En la viñeta más famosa de El escudo arverno, uno de los tebeos de la serie de Astérix, Vercingétorix arroja con estrépito sus armas a los pies de César que, golpeado, aúlla de dolor. Vercingetorix deditur, arma proiciuntur. Es la versión cómica de una iconografía muchas veces repetida por distintos artistas en cuadros y grabados; una imagen potente de vencido —en actitud serena a la par que digna— y vencedor, sentado, con gesto adusto, vengativo, representado de manera no tan clemente con el derrotado como Velázquez pintó a Spínola en Breda.

Todo eso sucedió a los pies de Alesia, tras la batalla definitiva de esta contienda que César narra en los últimos veinte capítulos del libro VII. La fortaleza estaba en una colina ut nisi obsidione expugnari non posse videretur, la cual parecía imposible de conquistar como no fuera mediante asedio. Y César monta el cerco —que ha pasado a la historia militar— construyendo un doble muro circular; el interno para controlar a los sitiados, el externo para defenderse de posibles ataques de los galos que pululaban por los alrededores. Tras varios intentos de romper el bloqueo, Vercingétorix se da cuenta de que no hay opción de victoria y convoca una asamblea. Había emprendido esa guerra, dice a sus hombres, non suarum necessitatium, no por su necesidad personal, sino communis libertatis causa, por la libertad de todos. Et quoniam sit fortunae cedendum, ya que hay que resignarse a la fortuna, se pone en sus manos para que le den muerte o le entreguen vivo a César. Esto último es lo que finalmente se decide, para desgracia del galo: es llevado a Roma y encerrado en la cárcel Mamertina hasta que, algunos años después, sea paseado como un trofeo en el triunfo de César y posteriormente estrangulado.

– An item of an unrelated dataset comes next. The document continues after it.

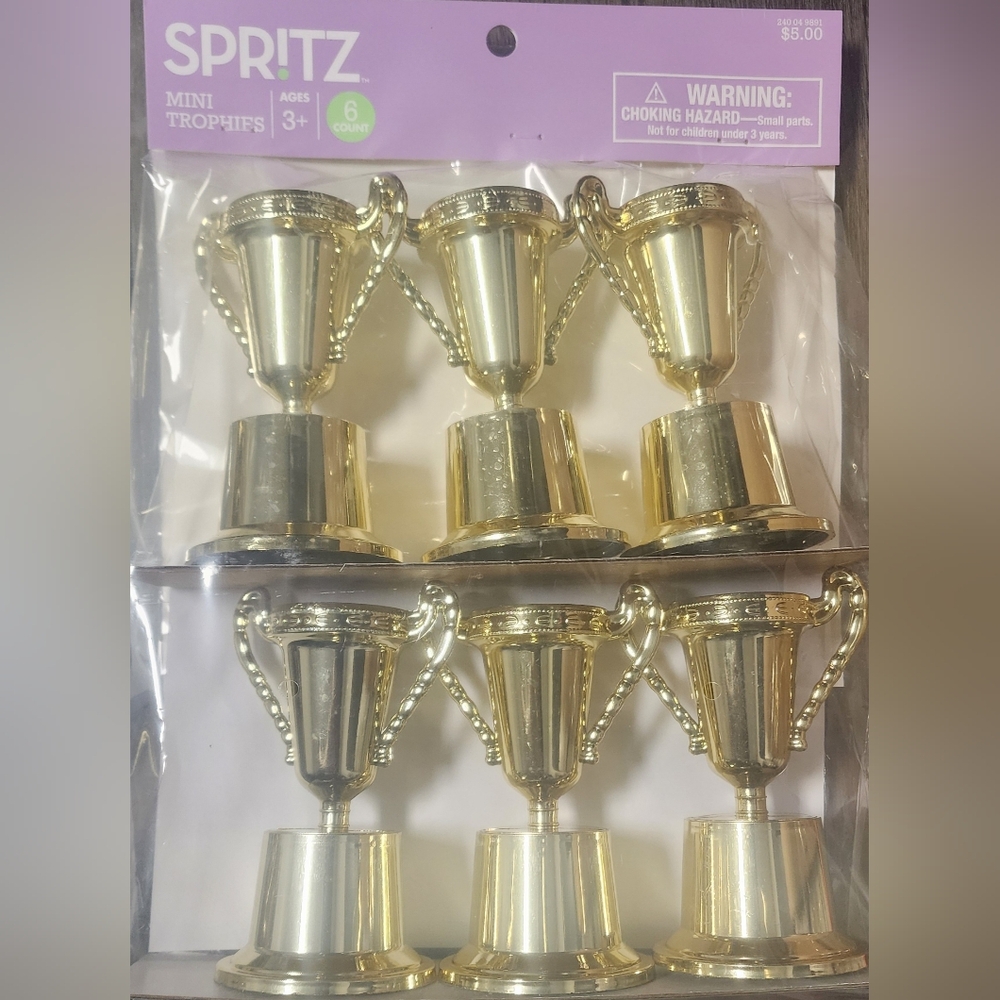 Mini Plastic Trophy 2" Easter egg holder Party Decorations Award 12 Pack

"Es el mejor momento, aquí en Alesia, para cerrar el ejemplar de los Comentarios a la guerra de las Galias, que no hemos dejado de la mano desde Ginebra"

Al contrario de lo que ocurría con Gergovia, Alesia requiere mucho trabajo de la imaginación para relacionar los Comentarios con lo que vemos sobre el terreno. Atravesamos el pueblo, Alise-Sainte-Reigne, buscando la cima —el monte Auxois—, donde se está excavando la ciudad galo-romana que sustituyó al oppidum. Unos carteles al borde del barranco, en el único lugar en que parece abrirse la vista panorámica, nos permiten especular con la situación de alguno de los campamentos legionarios. Lo mejor, a quinientos metros, en un lugar no especialmente cuidado, la celebérrima estatua de Vercingétorix, que no defrauda: con porte sosegado y más resignado que alerta, nos parece en verdad un héroe.

Bajamos a la planicie y nos dirigimos al museo, extraordinario, que merece una visita sin prisas. Y tras el edificio, una recreación del doble vallum, con los fosos, torres y empalizadas a tamaño natural. Ahí situados, mirando al monte Auxois, tenemos, nada menos, idéntica perspectiva que la que tuvo César.

Es el mejor momento, aquí en Alesia, para cerrar el ejemplar de los Comentarios a la guerra de las Galias, que no hemos dejado de la mano desde Ginebra. Dentro habíamos metido una pequeña nota copiada de Quevedo, Vida de Marco Bruto. Sirva de epílogo:

«Julio César peleaba y escribía: esto es hacer y decir. En igual precio tuvo su estudio y su vida. Nadando con un brazo, sacó sus Comentarios en el otro. No los juzgó por menos vida que su vida».